Re: Migrated from 8.3 to 9.0 - need to update config (re-post)

From: "Kevin Grittner" <Kevin(dot)Grittner(at)wicourts(dot)gov>
To: <pgsql-performance(at)postgresql(dot)org>,<stonec(dot)register(at)sympatico(dot)ca>
Subject: Re: Migrated from 8.3 to 9.0 - need to update config (re-post)
Date: 2011-09-13 21:13:00
Message-ID: 4E6F810C0200002500041144@gw.wicourts.gov
Views: Raw Message | Whole Thread | Download mbox | Resend email
Thread:
Lists: pgsql-performance

Carlo Stonebanks wrote:

>> max_connections = 300
> Too high. Both throughput and latency should improve with correct
> use of a connection pooler.

> Even for 300 stateful applications that can remain connected for
> up to a week, continuously distilling data (imports)?

Absolutely.

A good connection pooler will be able to hold those 300 *client*
connections, and maintain a much smaller set of connections to the
database. It will notice when a client connection is requesting the
start of a database transaction. If there is an idle database
connection it will route the requests there; otherwise it will put
that client connection in a queue. When a database transaction is
committed, a waiting client connection (if any) will be assigned to
its database connection.

Every benchmark I've seen shows that this will improve both
throughput and latency over the approach of releasing a "thundering
herd" of requests against the server. Picture a meat counter with
four butchers behind it, and few spinning devices to slice meat.
If customers queue up, and the butchers call on people as they are
ready, things go better than if each butcher tries to take on one-
fourth of the customers at a time and constantly switch between one
order and another to try to make incremental progress on all of
them.

> a sys admin raised it from 100 when multiple large projects were
> loaded and the server refused the additional connections.

Whoever is making these decisions needs more training. I suggest
Greg Smith's book:

http://www.postgresql.org/docs/books/

(Full disclosure, I was a technical reviewer of the book and got a
free copy.)

> you want the controller configured for write-back (with automatic
> switch to write-through on low or failed battery, if possible).

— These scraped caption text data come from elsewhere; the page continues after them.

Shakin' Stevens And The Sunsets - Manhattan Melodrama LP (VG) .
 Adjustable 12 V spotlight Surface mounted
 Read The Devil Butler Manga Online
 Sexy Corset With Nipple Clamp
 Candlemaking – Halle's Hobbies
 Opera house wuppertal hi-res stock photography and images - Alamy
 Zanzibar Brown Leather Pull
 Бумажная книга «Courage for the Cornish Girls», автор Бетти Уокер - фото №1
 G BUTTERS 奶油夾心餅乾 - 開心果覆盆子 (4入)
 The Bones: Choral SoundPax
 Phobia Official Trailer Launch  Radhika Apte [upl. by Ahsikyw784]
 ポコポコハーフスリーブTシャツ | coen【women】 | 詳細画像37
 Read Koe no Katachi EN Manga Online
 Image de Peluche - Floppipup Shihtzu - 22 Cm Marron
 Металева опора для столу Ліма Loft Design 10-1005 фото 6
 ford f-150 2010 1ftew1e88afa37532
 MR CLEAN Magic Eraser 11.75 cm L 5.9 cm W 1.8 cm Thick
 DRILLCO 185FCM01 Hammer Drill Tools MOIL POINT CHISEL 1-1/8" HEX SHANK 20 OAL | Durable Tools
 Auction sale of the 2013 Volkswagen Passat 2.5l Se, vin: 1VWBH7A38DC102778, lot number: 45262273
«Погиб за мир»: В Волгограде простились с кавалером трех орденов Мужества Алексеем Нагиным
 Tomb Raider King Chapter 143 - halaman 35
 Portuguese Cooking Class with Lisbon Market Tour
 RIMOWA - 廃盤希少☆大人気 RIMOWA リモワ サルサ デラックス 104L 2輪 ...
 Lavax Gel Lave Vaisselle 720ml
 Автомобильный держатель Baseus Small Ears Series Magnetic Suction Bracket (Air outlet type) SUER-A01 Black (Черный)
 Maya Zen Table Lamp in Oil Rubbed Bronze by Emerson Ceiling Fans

For performance or safety reasons?

You get better performance with write-back. If you can't rely on
the battery, then write-back is not safe and you need to use write-
through.

> Since the sys admin thinks there's no performance benefit from
> this, I would like to be clear on why we should do this.

If you can get him to change it back and forth for performance
testing, it is easy enough to prove. Write a client application
which inserts on row per database transaction. A nice, simple,
short row -- like containing one integer column with no indexes.
Have the external application create the table and do a million
inserts. Try this with both cache settings. It's best not to
issue a BEGIN and COMMIT at all. Don't loop in a function or a DO
block, because that creates an implicit transaction.

> Every now and then the imports behave as if they are suddenly
> taking a deep breath, slowing down. Sometimes, so much we cancel
> the import and restart (the imports pick up where they left off).
>
> What would the bg_writer settings be in this case?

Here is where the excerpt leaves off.